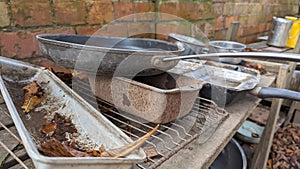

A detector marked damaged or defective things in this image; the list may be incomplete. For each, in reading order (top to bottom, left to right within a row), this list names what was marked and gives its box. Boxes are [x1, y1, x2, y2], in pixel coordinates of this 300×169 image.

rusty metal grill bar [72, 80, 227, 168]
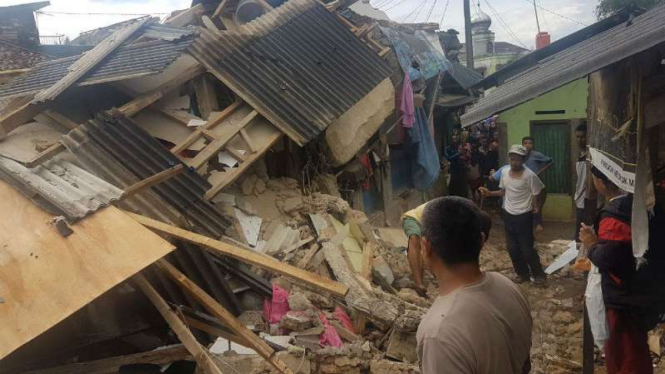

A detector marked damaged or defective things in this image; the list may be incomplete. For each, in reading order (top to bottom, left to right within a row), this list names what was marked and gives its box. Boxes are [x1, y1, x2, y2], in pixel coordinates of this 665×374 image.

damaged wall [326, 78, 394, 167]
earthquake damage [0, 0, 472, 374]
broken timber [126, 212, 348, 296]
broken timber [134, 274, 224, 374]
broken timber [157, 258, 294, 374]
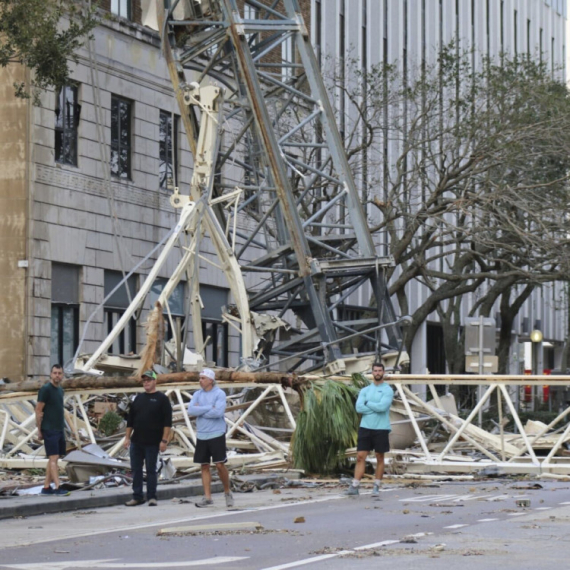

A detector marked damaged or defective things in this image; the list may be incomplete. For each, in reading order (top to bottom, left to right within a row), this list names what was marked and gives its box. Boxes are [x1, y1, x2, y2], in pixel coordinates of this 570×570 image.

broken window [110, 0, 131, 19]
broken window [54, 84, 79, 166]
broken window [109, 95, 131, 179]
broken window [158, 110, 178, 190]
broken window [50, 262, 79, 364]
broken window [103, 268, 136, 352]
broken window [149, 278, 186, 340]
# # #
Your objective: Would you please print out all the records above exactly, minus any pictures?

Final answer:
A detector marked damaged or defective things in this image; the list may be incomplete. For each, in reading order (top to bottom, left to right within a row), this list names what was marked and gives its box. Boxes are [x1, y1, x2, y2], in pixel coordinates of this 300×169 image.

rusty metal grill bar [72, 80, 227, 168]

A detector marked damaged or defective things in this image; the list may be incomplete. For each, in reading order (top to bottom, left to right within a row), this list names what was marked and gives its box. Boxes are [x1, y1, x2, y2], in pixel coordinates of this 665×374 image.

damaged wall [326, 78, 394, 167]
earthquake damage [0, 0, 472, 374]
broken timber [126, 212, 348, 296]
broken timber [134, 274, 224, 374]
broken timber [157, 258, 294, 374]

A detector marked damaged or defective things in this image; the list may be incomplete. For each, in reading order (top to bottom, left to right within a row), this list names what was marked and gives its box. Boxes are [x1, y1, x2, y2], in pixel coordinates of this 570×570 image.

broken window [110, 0, 131, 19]
broken window [54, 84, 79, 166]
broken window [109, 95, 131, 179]
broken window [158, 110, 178, 190]
broken window [50, 262, 79, 364]
broken window [103, 268, 136, 352]
broken window [149, 278, 186, 340]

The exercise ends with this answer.